_What to produce_
Write out the records again, exactly, leaving none out.

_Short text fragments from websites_
^^^^^^^^^^^^^^^^

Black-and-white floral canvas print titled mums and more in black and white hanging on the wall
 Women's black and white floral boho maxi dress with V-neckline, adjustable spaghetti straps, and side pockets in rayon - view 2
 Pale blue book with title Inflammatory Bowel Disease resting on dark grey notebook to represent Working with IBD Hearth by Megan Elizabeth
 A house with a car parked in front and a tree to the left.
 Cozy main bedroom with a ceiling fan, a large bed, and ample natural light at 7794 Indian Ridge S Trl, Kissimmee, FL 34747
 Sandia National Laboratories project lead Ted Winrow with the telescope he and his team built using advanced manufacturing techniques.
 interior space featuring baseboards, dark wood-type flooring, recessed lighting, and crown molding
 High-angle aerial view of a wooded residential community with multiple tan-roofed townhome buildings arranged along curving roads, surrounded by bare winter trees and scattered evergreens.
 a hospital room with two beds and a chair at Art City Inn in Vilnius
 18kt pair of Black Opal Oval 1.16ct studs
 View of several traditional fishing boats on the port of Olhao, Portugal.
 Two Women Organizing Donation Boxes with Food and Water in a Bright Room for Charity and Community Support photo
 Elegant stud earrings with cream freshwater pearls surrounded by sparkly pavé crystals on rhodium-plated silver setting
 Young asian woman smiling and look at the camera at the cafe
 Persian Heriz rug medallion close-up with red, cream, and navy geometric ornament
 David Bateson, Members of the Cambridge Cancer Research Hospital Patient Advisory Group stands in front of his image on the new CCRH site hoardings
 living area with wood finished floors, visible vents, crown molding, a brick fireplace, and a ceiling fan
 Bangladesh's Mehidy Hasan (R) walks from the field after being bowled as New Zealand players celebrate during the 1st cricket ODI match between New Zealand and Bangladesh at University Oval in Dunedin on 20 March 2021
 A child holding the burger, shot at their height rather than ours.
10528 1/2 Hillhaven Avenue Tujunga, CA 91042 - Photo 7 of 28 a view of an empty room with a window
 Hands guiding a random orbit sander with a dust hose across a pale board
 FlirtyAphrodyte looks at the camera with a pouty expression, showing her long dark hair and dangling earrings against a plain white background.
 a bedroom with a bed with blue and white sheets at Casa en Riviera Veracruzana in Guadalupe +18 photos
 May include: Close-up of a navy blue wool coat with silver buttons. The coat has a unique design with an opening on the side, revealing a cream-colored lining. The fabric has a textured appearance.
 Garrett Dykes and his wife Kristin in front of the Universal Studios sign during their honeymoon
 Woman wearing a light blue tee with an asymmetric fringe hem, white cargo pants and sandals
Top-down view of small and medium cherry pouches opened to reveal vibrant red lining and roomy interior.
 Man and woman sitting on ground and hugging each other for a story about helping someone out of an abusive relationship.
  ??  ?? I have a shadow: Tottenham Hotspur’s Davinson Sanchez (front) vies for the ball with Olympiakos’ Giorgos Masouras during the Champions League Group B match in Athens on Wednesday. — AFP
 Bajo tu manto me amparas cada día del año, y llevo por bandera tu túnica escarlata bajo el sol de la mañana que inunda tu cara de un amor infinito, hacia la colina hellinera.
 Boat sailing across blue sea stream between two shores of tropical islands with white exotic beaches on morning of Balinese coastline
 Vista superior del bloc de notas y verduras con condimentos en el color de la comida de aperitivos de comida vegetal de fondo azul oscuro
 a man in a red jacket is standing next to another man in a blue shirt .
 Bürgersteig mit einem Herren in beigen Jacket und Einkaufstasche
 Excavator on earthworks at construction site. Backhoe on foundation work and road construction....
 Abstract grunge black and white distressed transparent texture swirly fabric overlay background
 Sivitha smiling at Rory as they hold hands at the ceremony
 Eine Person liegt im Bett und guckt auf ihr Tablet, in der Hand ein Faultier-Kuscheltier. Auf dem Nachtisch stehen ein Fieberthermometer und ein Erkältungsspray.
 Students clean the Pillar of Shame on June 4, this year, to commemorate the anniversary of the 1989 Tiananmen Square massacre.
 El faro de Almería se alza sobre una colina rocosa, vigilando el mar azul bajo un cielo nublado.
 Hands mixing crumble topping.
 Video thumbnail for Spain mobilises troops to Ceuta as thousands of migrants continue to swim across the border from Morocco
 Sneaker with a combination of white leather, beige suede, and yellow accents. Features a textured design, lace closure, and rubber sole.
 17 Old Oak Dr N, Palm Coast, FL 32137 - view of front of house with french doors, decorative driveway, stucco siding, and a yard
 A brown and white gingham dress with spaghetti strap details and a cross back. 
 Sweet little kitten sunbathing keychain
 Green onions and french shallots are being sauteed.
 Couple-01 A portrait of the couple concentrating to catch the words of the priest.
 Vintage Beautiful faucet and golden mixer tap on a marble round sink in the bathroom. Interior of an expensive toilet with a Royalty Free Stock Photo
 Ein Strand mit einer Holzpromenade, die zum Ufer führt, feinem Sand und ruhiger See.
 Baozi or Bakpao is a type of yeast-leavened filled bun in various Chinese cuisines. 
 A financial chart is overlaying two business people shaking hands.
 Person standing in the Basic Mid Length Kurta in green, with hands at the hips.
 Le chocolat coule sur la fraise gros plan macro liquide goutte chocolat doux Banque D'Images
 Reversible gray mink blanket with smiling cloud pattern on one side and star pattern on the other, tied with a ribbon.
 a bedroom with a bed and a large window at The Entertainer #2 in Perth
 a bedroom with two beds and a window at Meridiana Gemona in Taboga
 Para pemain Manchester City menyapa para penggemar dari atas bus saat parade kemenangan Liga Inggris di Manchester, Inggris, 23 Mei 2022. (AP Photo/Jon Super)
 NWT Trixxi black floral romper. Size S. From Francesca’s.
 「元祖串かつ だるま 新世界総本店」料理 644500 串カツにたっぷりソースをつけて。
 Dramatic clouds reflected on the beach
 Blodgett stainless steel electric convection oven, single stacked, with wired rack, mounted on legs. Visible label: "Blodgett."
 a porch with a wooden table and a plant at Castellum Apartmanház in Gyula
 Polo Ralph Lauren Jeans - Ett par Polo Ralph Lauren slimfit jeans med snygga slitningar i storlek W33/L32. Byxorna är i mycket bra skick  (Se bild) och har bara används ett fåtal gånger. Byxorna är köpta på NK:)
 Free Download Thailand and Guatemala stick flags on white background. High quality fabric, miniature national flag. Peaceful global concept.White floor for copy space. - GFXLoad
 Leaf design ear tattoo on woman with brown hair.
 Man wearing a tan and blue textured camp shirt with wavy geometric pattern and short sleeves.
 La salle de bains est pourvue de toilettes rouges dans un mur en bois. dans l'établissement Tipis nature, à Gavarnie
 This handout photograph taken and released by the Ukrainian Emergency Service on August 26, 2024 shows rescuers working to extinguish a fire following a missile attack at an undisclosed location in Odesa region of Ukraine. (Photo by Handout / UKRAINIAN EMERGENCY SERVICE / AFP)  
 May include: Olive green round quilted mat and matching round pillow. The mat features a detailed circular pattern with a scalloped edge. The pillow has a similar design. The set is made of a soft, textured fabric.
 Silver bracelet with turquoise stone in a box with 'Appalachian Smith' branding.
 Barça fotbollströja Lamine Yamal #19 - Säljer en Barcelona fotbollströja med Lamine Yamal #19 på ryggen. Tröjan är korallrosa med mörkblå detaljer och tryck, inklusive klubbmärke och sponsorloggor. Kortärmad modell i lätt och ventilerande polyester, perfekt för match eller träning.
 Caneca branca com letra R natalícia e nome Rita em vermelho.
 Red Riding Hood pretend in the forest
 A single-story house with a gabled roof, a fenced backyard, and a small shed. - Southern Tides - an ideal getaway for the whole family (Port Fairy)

^^^^^^^^^^^^^^^^

_Answer to this task_
Black-and-white floral canvas print titled mums and more in black and white hanging on the wall
 Women's black and white floral boho maxi dress with V-neckline, adjustable spaghetti straps, and side pockets in rayon - view 2
 Pale blue book with title Inflammatory Bowel Disease resting on dark grey notebook to represent Working with IBD Hearth by Megan Elizabeth
 A house with a car parked in front and a tree to the left.
 Cozy main bedroom with a ceiling fan, a large bed, and ample natural light at 7794 Indian Ridge S Trl, Kissimmee, FL 34747
 Sandia National Laboratories project lead Ted Winrow with the telescope he and his team built using advanced manufacturing techniques.
 interior space featuring baseboards, dark wood-type flooring, recessed lighting, and crown molding
 High-angle aerial view of a wooded residential community with multiple tan-roofed townhome buildings arranged along curving roads, surrounded by bare winter trees and scattered evergreens.
 a hospital room with two beds and a chair at Art City Inn in Vilnius
 18kt pair of Black Opal Oval 1.16ct studs
 View of several traditional fishing boats on the port of Olhao, Portugal.
 Two Women Organizing Donation Boxes with Food and Water in a Bright Room for Charity and Community Support photo
 Elegant stud earrings with cream freshwater pearls surrounded by sparkly pavé crystals on rhodium-plated silver setting
 Young asian woman smiling and look at the camera at the cafe
 Persian Heriz rug medallion close-up with red, cream, and navy geometric ornament
 David Bateson, Members of the Cambridge Cancer Research Hospital Patient Advisory Group stands in front of his image on the new CCRH site hoardings
 living area with wood finished floors, visible vents, crown molding, a brick fireplace, and a ceiling fan
 Bangladesh's Mehidy Hasan (R) walks from the field after being bowled as New Zealand players celebrate during the 1st cricket ODI match between New Zealand and Bangladesh at University Oval in Dunedin on 20 March 2021
 A child holding the burger, shot at their height rather than ours.
10528 1/2 Hillhaven Avenue Tujunga, CA 91042 - Photo 7 of 28 a view of an empty room with a window
 Hands guiding a random orbit sander with a dust hose across a pale board
 FlirtyAphrodyte looks at the camera with a pouty expression, showing her long dark hair and dangling earrings against a plain white background.
 a bedroom with a bed with blue and white sheets at Casa en Riviera Veracruzana in Guadalupe +18 photos
 May include: Close-up of a navy blue wool coat with silver buttons. The coat has a unique design with an opening on the side, revealing a cream-colored lining. The fabric has a textured appearance.
 Garrett Dykes and his wife Kristin in front of the Universal Studios sign during their honeymoon
 Woman wearing a light blue tee with an asymmetric fringe hem, white cargo pants and sandals
Top-down view of small and medium cherry pouches opened to reveal vibrant red lining and roomy interior.
 Man and woman sitting on ground and hugging each other for a story about helping someone out of an abusive relationship.
  ??  ?? I have a shadow: Tottenham Hotspur’s Davinson Sanchez (front) vies for the ball with Olympiakos’ Giorgos Masouras during the Champions League Group B match in Athens on Wednesday. — AFP
 Bajo tu manto me amparas cada día del año, y llevo por bandera tu túnica escarlata bajo el sol de la mañana que inunda tu cara de un amor infinito, hacia la colina hellinera.
 Boat sailing across blue sea stream between two shores of tropical islands with white exotic beaches on morning of Balinese coastline
 Vista superior del bloc de notas y verduras con condimentos en el color de la comida de aperitivos de comida vegetal de fondo azul oscuro
 a man in a red jacket is standing next to another man in a blue shirt .
 Bürgersteig mit einem Herren in beigen Jacket und Einkaufstasche
 Excavator on earthworks at construction site. Backhoe on foundation work and road construction....
 Abstract grunge black and white distressed transparent texture swirly fabric overlay background
 Sivitha smiling at Rory as they hold hands at the ceremony
 Eine Person liegt im Bett und guckt auf ihr Tablet, in der Hand ein Faultier-Kuscheltier. Auf dem Nachtisch stehen ein Fieberthermometer und ein Erkältungsspray.
 Students clean the Pillar of Shame on June 4, this year, to commemorate the anniversary of the 1989 Tiananmen Square massacre.
 El faro de Almería se alza sobre una colina rocosa, vigilando el mar azul bajo un cielo nublado.
 Hands mixing crumble topping.
 Video thumbnail for Spain mobilises troops to Ceuta as thousands of migrants continue to swim across the border from Morocco
 Sneaker with a combination of white leather, beige suede, and yellow accents. Features a textured design, lace closure, and rubber sole.
 17 Old Oak Dr N, Palm Coast, FL 32137 - view of front of house with french doors, decorative driveway, stucco siding, and a yard
 A brown and white gingham dress with spaghetti strap details and a cross back. 
 Sweet little kitten sunbathing keychain
 Green onions and french shallots are being sauteed.
 Couple-01 A portrait of the couple concentrating to catch the words of the priest.
 Vintage Beautiful faucet and golden mixer tap on a marble round sink in the bathroom. Interior of an expensive toilet with a Royalty Free Stock Photo
 Ein Strand mit einer Holzpromenade, die zum Ufer führt, feinem Sand und ruhiger See.
 Baozi or Bakpao is a type of yeast-leavened filled bun in various Chinese cuisines. 
 A financial chart is overlaying two business people shaking hands.
 Person standing in the Basic Mid Length Kurta in green, with hands at the hips.
 Le chocolat coule sur la fraise gros plan macro liquide goutte chocolat doux Banque D'Images
 Reversible gray mink blanket with smiling cloud pattern on one side and star pattern on the other, tied with a ribbon.
 a bedroom with a bed and a large window at The Entertainer #2 in Perth
 a bedroom with two beds and a window at Meridiana Gemona in Taboga
 Para pemain Manchester City menyapa para penggemar dari atas bus saat parade kemenangan Liga Inggris di Manchester, Inggris, 23 Mei 2022. (AP Photo/Jon Super)
 NWT Trixxi black floral romper. Size S. From Francesca’s.
 「元祖串かつ だるま 新世界総本店」料理 644500 串カツにたっぷりソースをつけて。
 Dramatic clouds reflected on the beach
 Blodgett stainless steel electric convection oven, single stacked, with wired rack, mounted on legs. Visible label: "Blodgett."
 a porch with a wooden table and a plant at Castellum Apartmanház in Gyula
 Polo Ralph Lauren Jeans - Ett par Polo Ralph Lauren slimfit jeans med snygga slitningar i storlek W33/L32. Byxorna är i mycket bra skick  (Se bild) och har bara används ett fåtal gånger. Byxorna är köpta på NK:)
 Free Download Thailand and Guatemala stick flags on white background. High quality fabric, miniature national flag. Peaceful global concept.White floor for copy space. - GFXLoad
 Leaf design ear tattoo on woman with brown hair.
 Man wearing a tan and blue textured camp shirt with wavy geometric pattern and short sleeves.
 La salle de bains est pourvue de toilettes rouges dans un mur en bois. dans l'établissement Tipis nature, à Gavarnie
 This handout photograph taken and released by the Ukrainian Emergency Service on August 26, 2024 shows rescuers working to extinguish a fire following a missile attack at an undisclosed location in Odesa region of Ukraine. (Photo by Handout / UKRAINIAN EMERGENCY SERVICE / AFP)  
 May include: Olive green round quilted mat and matching round pillow. The mat features a detailed circular pattern with a scalloped edge. The pillow has a similar design. The set is made of a soft, textured fabric.
 Silver bracelet with turquoise stone in a box with 'Appalachian Smith' branding.
 Barça fotbollströja Lamine Yamal #19 - Säljer en Barcelona fotbollströja med Lamine Yamal #19 på ryggen. Tröjan är korallrosa med mörkblå detaljer och tryck, inklusive klubbmärke och sponsorloggor. Kortärmad modell i lätt och ventilerande polyester, perfekt för match eller träning.
 Caneca branca com letra R natalícia e nome Rita em vermelho.
 Red Riding Hood pretend in the forest
 A single-story house with a gabled roof, a fenced backyard, and a small shed. - Southern Tides - an ideal getaway for the whole family (Port Fairy)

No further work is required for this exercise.